→ **Task directions**: Starting at the line below that contains "Rustic Ranch Cowhide Bar Cabinet" and ending at the line that contains "San Judas Tadeo", retype each line exactly as it stands, but omit the pictures.

→ **Input records**:
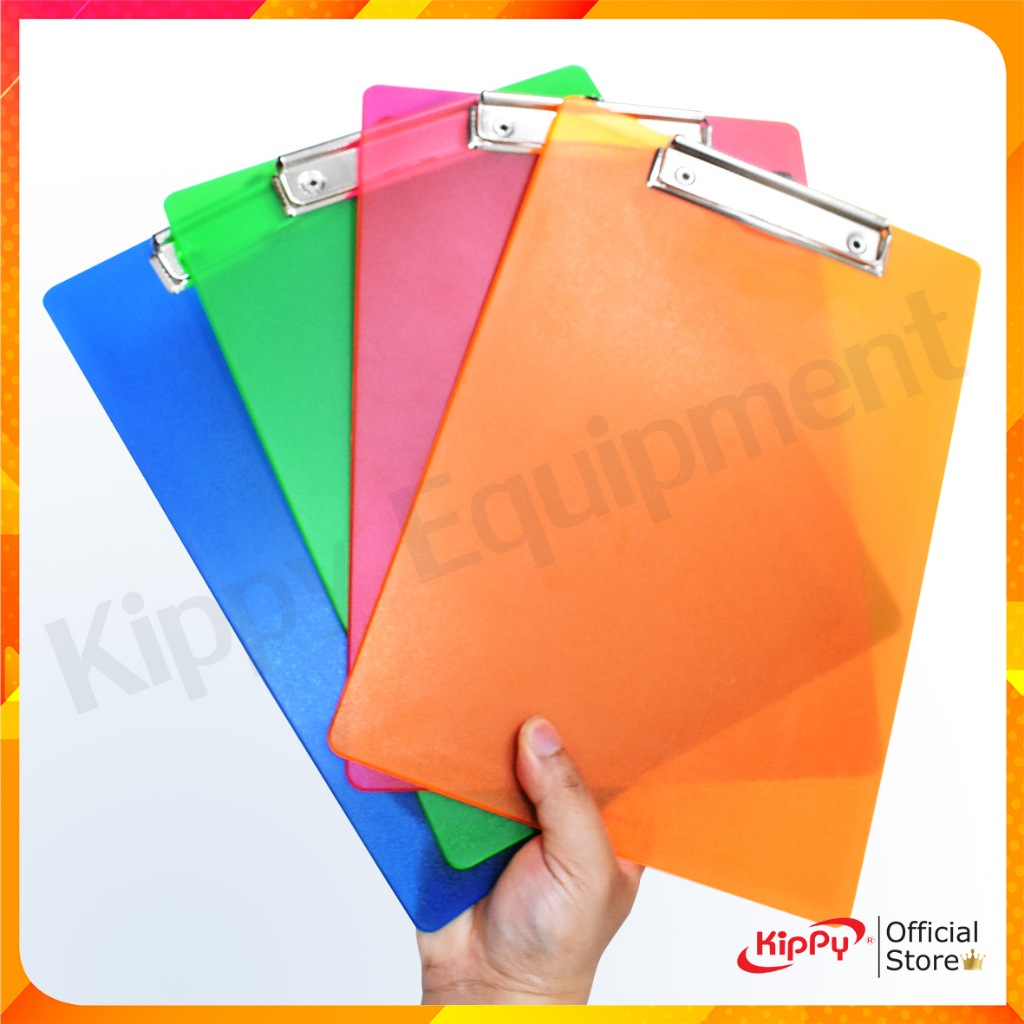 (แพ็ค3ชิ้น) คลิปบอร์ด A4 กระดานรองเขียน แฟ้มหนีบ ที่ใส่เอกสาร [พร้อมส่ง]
---
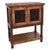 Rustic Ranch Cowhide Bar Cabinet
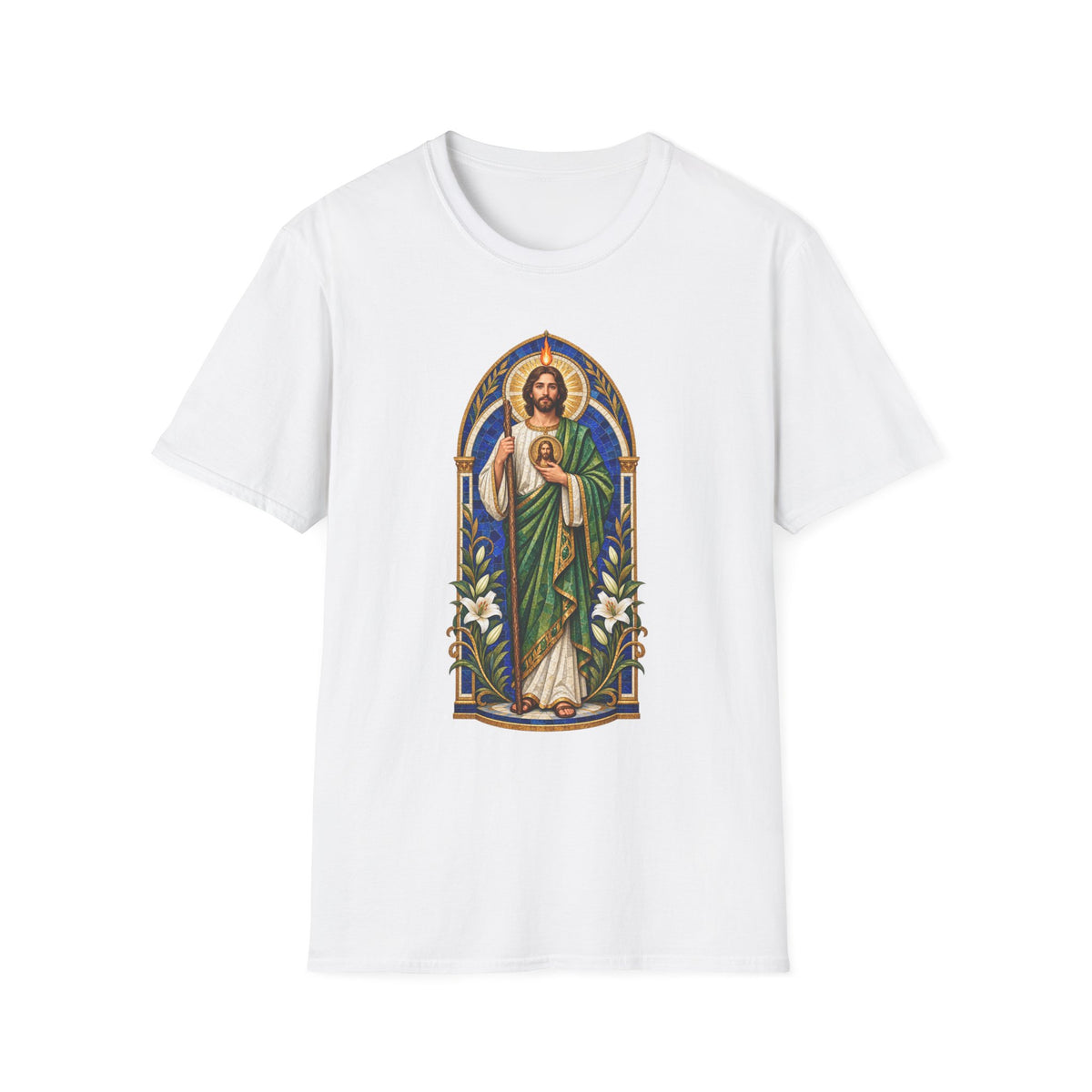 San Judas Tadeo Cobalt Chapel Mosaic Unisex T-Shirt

→ **Answer to this problem**:
 Rustic Ranch Cowhide Bar Cabinet
 San Judas Tadeo Cobalt Chapel Mosaic Unisex T-Shirt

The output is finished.